Background: The management of pregnancy in patients with narcolepsy poses many questions regarding therapy, including the risk to the mother and fetus related to the disease, potential risks at the time of conception, the risk to both the mother and the fetus of the medications used to treat narcolepsy, and the risk to the infant from medications that might be secreted in breast milk. There are no detailed practice parameters on the treatment of narcolepsy patients during pregnancy. We surveyed narcolepsy specialists from around the world to determine their clinical approach to the management of patients with narcolepsy at the time of conception, during pregnancy and while breastfeeding.
Methods: Survey invitations were sent via e-mail to 75 clinicians worldwide between 2/2011 and 3/2011 with 34 responses (USA, n=10; Brazil, n=3; Czech Republic, n=2; France, n=2; Italy; n=2; Netherlands, n=2; Canada, n=1; Denmark, n=1; Finland, n=1; Germany, n=1; Japan, n=1; Spain, n=1; unknown n=7). Responders who completed the survey had 20 years (median range, 5-35) of experience in sleep medicine practice with a median number of five narcolepsy patients seen per week. The number of pregnant narcoleptic patients followed per physician was five (median range 1-40).

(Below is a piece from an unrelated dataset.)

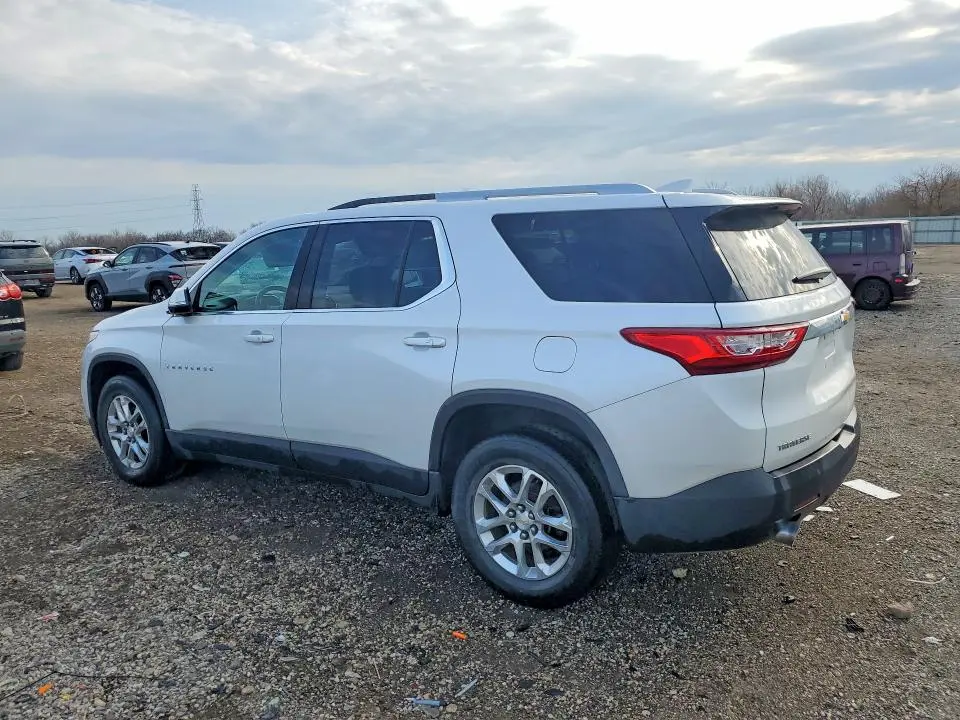 2018 CHEVROLET TRAVERSE LT  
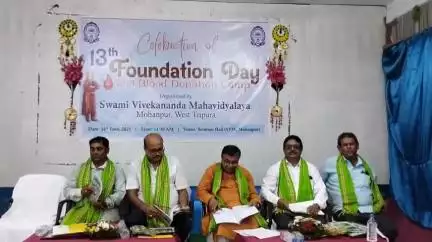 মোহনপুর: মোহনপুরের স্বামী বিবেকানন্দ মহাবিদ্যালয়ে প্রতিষ্ঠা দিবসে উপস্থিত মন্ত্রী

Results: The survey results indicated that the management of patients with narcolepsy varies greatly from clinician to clinician and from country to country. The majority of the clinicians stopped the narcolepsy medications at the time of conception, during pregnancy, and during breastfeeding some reduced the dose and others did not change the dosage, depending on the particular medication.
Conclusions: The findings from our survey and literature review suggest that the perceived risks of narcolepsy medication during pregnancy to the mother and the fetus usually are overestimated, as the risk for teratogenic effects from narcolepsy medications in therapeutic doses is essentially nonexistent. However, the potential for rare complications during pregnancy and congenital abnormalities cannot be excluded. Most narcolepsy patients have vaginal delivery without complications. In rare cases patients had cataplexy that interfered with delivery, but if caesarian is required there appears to be no increased anaesthetic or surgical risks. Further prospective information for the appropriate treatment of narcolepsy patients during pregnancy is needed.